Captioned web images
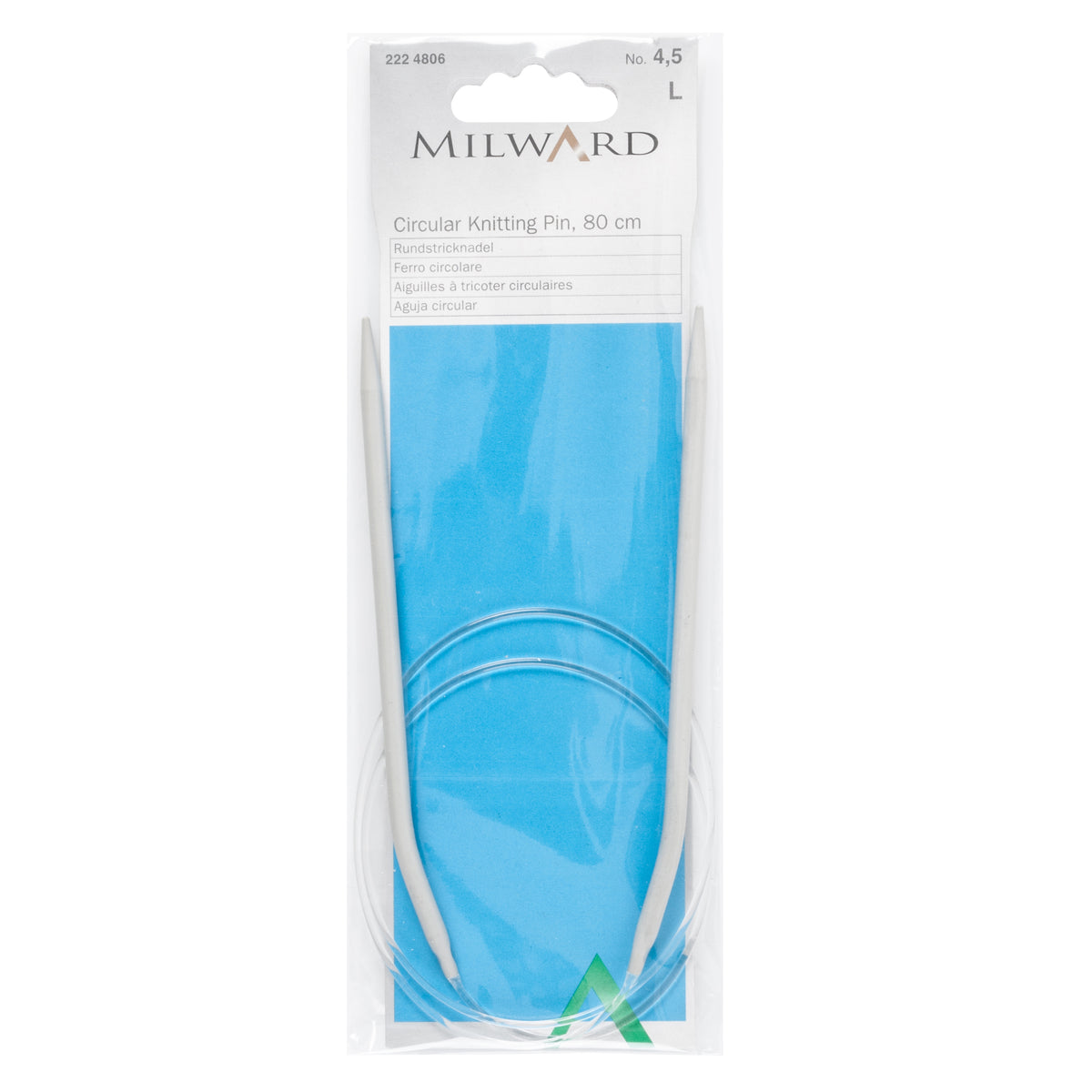 Milward 80cm circular knitting needle in 4.5mm with grey metal tips and cable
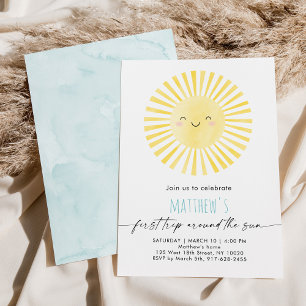 Minimalist First Trip Around the Sun Birthday Invitation
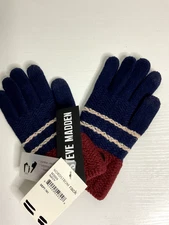 Steve Madden Women's Navy Blue/Burgundy Touchscreen Tech Compatible Gloves OS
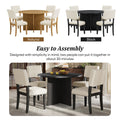 Modern 5 Piece Round Dining Table Set Pedestal Kitchen Table Set With 4 Upholstered Dining Chairs For Studio, Apartment, Small Places, Black Wood Dining Room Solid Wood Rubberwood Round Dining Table With Chair Wood Wood Black Solid Back Seats 4 Farmhouse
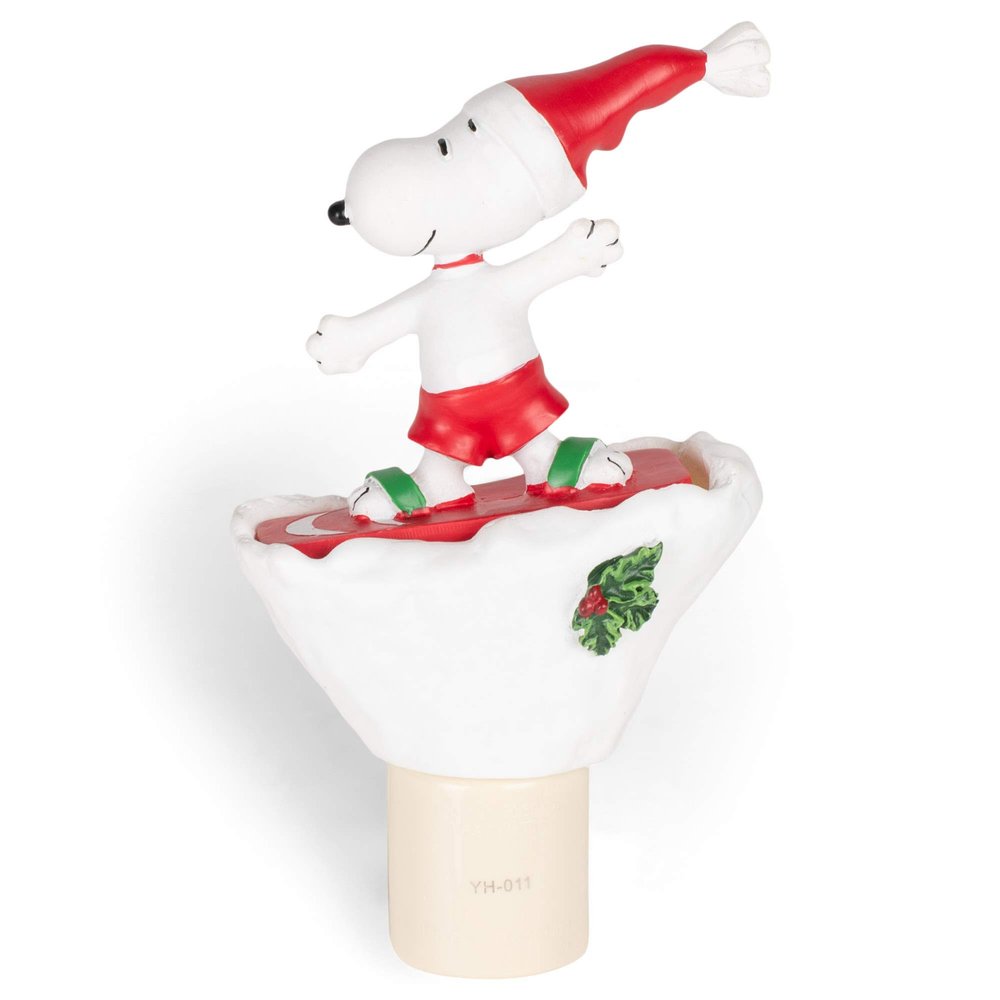Roman 6.25 Inch Tall Snoopy Snowboard Night Light with Holly Plug-in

## What the task requires
Retyped exactly, the lines from the one holding "Modern 5 Piece" through the last line of the data above are the whole answer. Pictures stay out.

## Reply to the task
 Modern 5 Piece Round Dining Table Set Pedestal Kitchen Table Set With 4 Upholstered Dining Chairs For Studio, Apartment, Small Places, Black Wood Dining Room Solid Wood Rubberwood Round Dining Table With Chair Wood Wood Black Solid Back Seats 4 Farmhouse
Roman 6.25 Inch Tall Snoopy Snowboard Night Light with Holly Plug-in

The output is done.